MAR 5621: Advanced Managerial Statistics

Assignment #1

(due in class Thursday, March 25)

This assignment may be done either individually or in teams of 2 people. (Teams should turn in only one paper, with both members’ names on it.)

Note: When reporting numerical results from Excel output, please round off the excessive decimals (2 or 3 significant digits are usually more than enough).

Grading: Unless otherwise stated, all problems are worth 2 points per letter.

***********************************

Problem 1: Age and News Viewing

The News Division at Big Brother Media is interested in determining if there is a relationship between the age of an individual (in years) and the number of hours of TV news they watch per week (in hours). A random sample of 50 individuals is interviewed and each reports his/her age and the amount of TV news they watch per week. A summary of the data is as follows:

Age (years) / News Viewing (hours/week)
Mean / 36.0 / 8.0
Standard Deviation / 10.5 / 3.5

Correlation coefficient r = 0.57

(a) Determine the equation of the regression line for predicting the amount of News Viewed, using Age as the predictor.

(b) How much of the variability in News Viewing is explained by factors other than Age? (That is, how much variability is not explained by Age)?

(c) Determine SSTotal, SSRegression, and SSResidual for this regression.

(d) (3 pts) Suppose we discover a new data point that we had forgotten to include in the analysis: Theodore is 18 years old and watches 14 hours of news per week. If we add Theodore to the data set, what will happen to each of the following quantities? For each quantity, determine whether it will increase, decrease, stay the same, or whether it is impossible to determine. (Hint: no formal calculations are needed, but drawing a sketch would be helpful.)

(i) The slope of the regression line

(ii) The y-intercept of the regression line

(iii) The correlation coefficient

Problem 2: Airlines

The Airline tab of the ASSIGN1.xls file contains data on the on-time performance of 10 major American airlines. On-time performance is defined as the percentage of flights that arrive on time. One column of data is the on-time performance for one month (October 1995). The second column of data is the on-time performance for the following year (Nov 1995 – Oct 1996). Suppose we’re interested in how well we can forecast future on-time performance based on one month’s worth of on-time performance data.

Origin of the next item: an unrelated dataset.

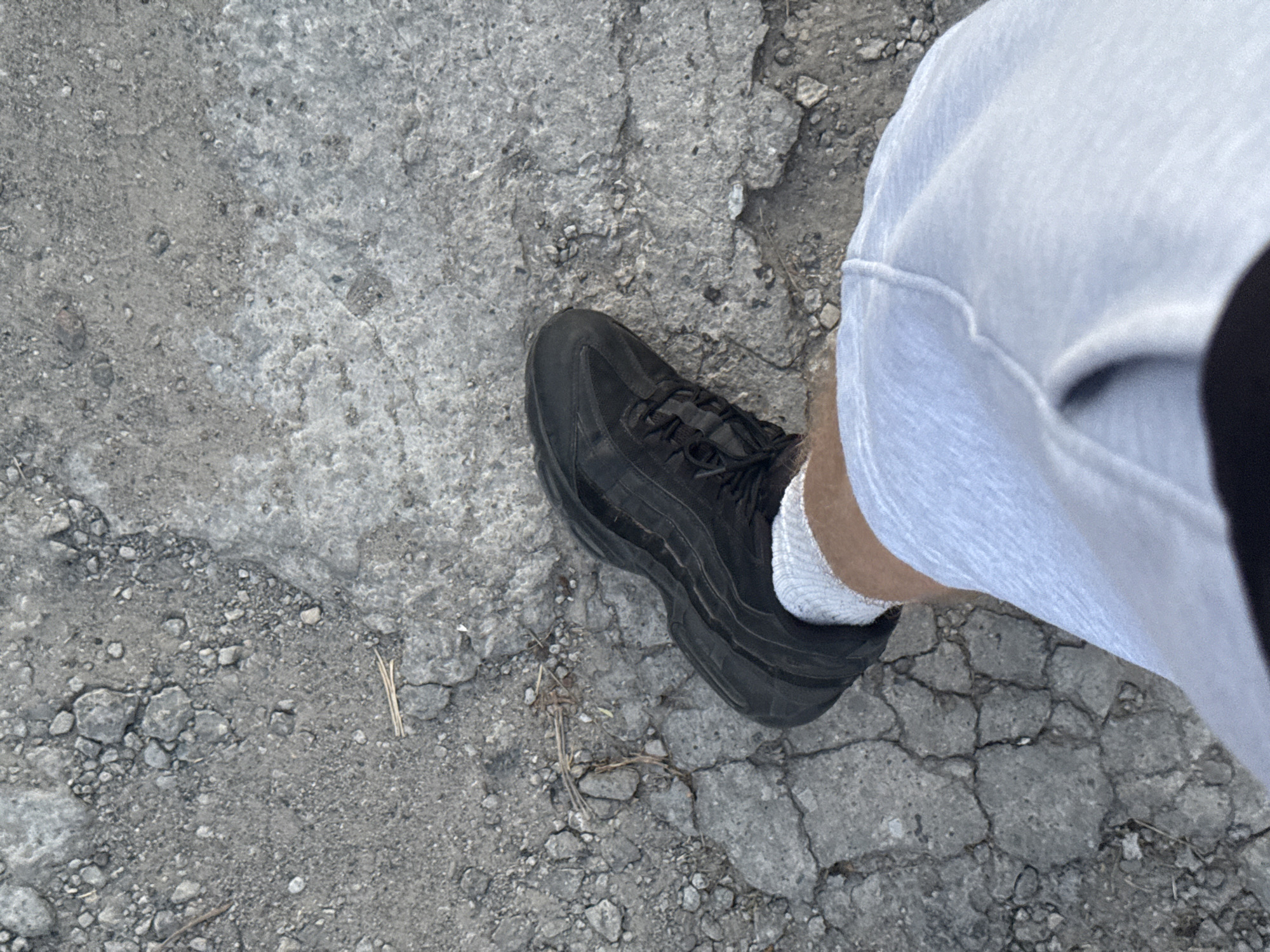 A person's right leg is shown from the thigh down, wearing light blue shorts and a white sock, with a black athletic shoe on their foot. The shoe is positioned on a cracked and uneven asphalt surface. The background consists of the same textured asphalt, with small stones and debris scattered across it. The scene appears to be an outdoor urban environment. No specific landmarks or indicators of the city of Zaporizhzhia, Ukraine are visible.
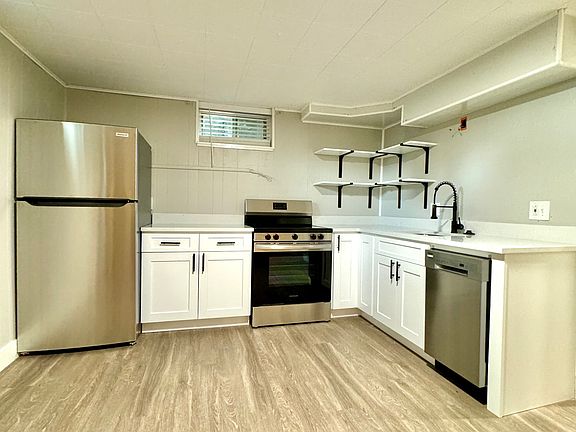 Stainless Steel Appliances, New Cabinets and Quartz Countertops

(a)Identify the appropriate independent (X) and dependent (Y) variables for this analysis. Generate a scatterplot of Y plotted against X. Comment on the relationship shown in the scatterplot. Guess the correlation between X and Y by eyeballing the scatterplot, and then compare your guess to the actual value. Does this appear to be a strong or a weak relationship?

(b)From eyeballing the scatterplot, guess the standard deviation of X and the standard deviation of Y. Compare the two guesses to the actual values (you can use the Excel STDEV function). Is there a notable difference between the variability of X and the variability of Y? Why or why not?

(c)Determine the regression equation for predicting Y from X.

(d)Determine the predicted value and the residual for Delta Airlines. How well does the regression equation do in predicting Delta’s performance?

(e)Based on these data, what can we conclude about consistency in airline on-time performance?

Problem 3: Magazines

The Magazines tab of the ASSIGN1.xls file contains data on the advertising costs and audience characteristics of 55 magazines in spring 1996. The cost of advertising is quite different from one magazine to another. What characteristics of a magazine’s audience can account for differences in the cost of advertising?

(a)Identify the appropriate dependent variable (Y) and list the various possible independent variables in the data set. Before doing any analysis, which variables do you think are the most important?

(b)Generate a correlation matrix for these variables. Based on this correlation matrix, which variable appears to be the most effective in predicting Y?

(c)Generate and look at appropriate scatterplot(s) in order to check your answer to part (b). Does the relationship between Y and the best predictor appear to follow a straight line? Are there extreme or outlying observations that substantially distort the relationship?

(d)Regress Y on the best predictor identified in parts (b) and (c). Report the regression equation and interpret the meaning of the slope in simple non-jargony English.

(e)Based on this regression, determine the predicted cost of advertising, and the error of prediction, for People magazine.

(f)Generate a 95% confidence interval for the population regression slope. Interpret this interval in a sentence or two.

(g)How big is the scatter of the advertising costs around the regression line? Report and interpret (in simple non-jargony English!) a quantitative measure of the size of this scatter.

Problem 4: Moneyball

Consider the following passage (and surrounding paragraph from Moneyball, bottom p. 67):

“The statistics were not merely inadequate; they lied. And the lies they told led the people who ran major league baseball to misjudge their players, and mismanage their games. James later reduced his complaint to a sentence: fielding statistics made sense only as numbers, not as language. Language, not numbers, is what interested him.”

(a) What does this mean, and why is it relevant for a class on statistics? Discuss briefly in a short paragraph or two.